Tonight I tried it a bit different and am a bit more comfortable. But I am still trolling for information/ideas people. Really, the first week was great but something went of the rails. Help! Help! What I tried tonight was to keep focussed on this being bedtime. After bath, zippo toys kiddo! Uno story thanks. Diaper and pajamas in the lovely friendly bed. Child, physically relaxed, might stay in bed? Well, no way. After about 5 minutes she is out. I put her back. She's out. Angry, going to lie on the floor. I put her back. Getting angrier and angrier. Going for the books to get me where it hurts. I put her back maybe a half dozen times. She is flipping out. We step out of the bedroom and do a relaxing circuit of good night to the cats, chairs, rooms, etc. She leads back to her room... near but not in the bed. Looks promising but noooooo, you are hooped motherwoman! A couple more distractions and bed putting exericises. Really only 15 minutes have elapsed.. so I don't think it will be too freaky if I play my trump card. Bye-bye. I step out.
This is what we used to do. We used to leave. For the first week the door might open on us 1 or 2 or 3 or maybe 5 times but whatever. This is what I want to get back to, right? The hard crying subsided pretty quick and within 5 minutes she was calmish. The door opened. I asked, 'May I come in?'. 'Yes' she says nicely and then she does agree with me it is time for bed. I escort her bedside but don't put her in. She flops her head and shoulders on her bed and looks sleepy. I briefly rub her back and wish her a good night. Then I retreat to the door. I am trying to depart. But relent. I lurk near the door, tell myself 10 minutes should do it. She is inching up into her bed one inch per minute it seems. In the ten she is up in bed, obviously comfortable and mostly in the seven mile stare.

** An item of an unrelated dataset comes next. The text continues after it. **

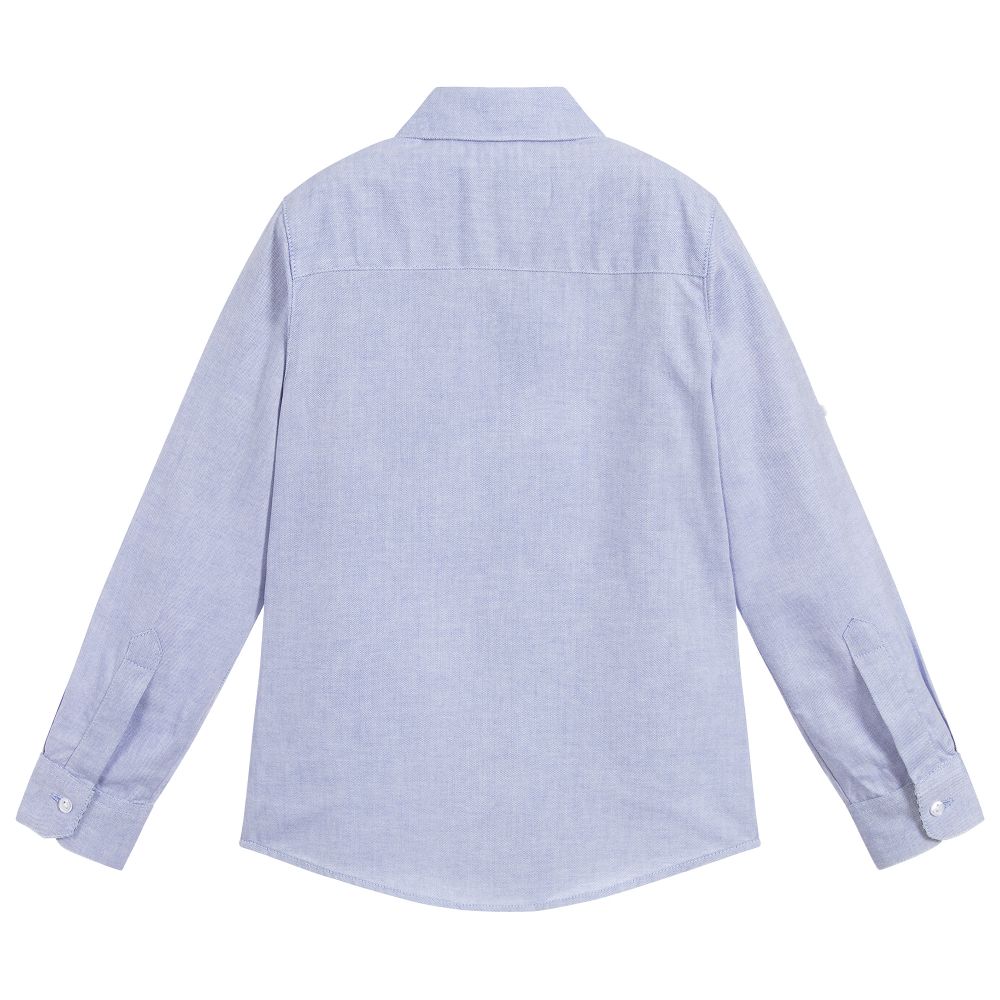 Lapin House-Boys Blue Cotton Shirt | Childrensalon Outlet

My massive 37/4 preggo frame is bearing down on my crappy foot. It more than stings. I am dying to get out of there. I shift my weight. She shoots me a look. I smile and nod. I ain't afraid of you baby girl, I tell myself. I am
a selfish mother! I step toward the door bang on minute 10. Another look. I step out. She sleeps still.
Yay!
...... I think???What do you think people? How long might it take doing this before we can just walk out again? I am still havin' her be the boss a'me with this sort of plan? Any tricks, tips? Should I put her in her bed or it
better for her to get in herself?
I'll share one tip myself. If you are going to take your kids crib away for another kid do it well outside of the last four weeks of your pregnancy. Better for everyone, of this I am sure. -- It probably isn't even the bed is it?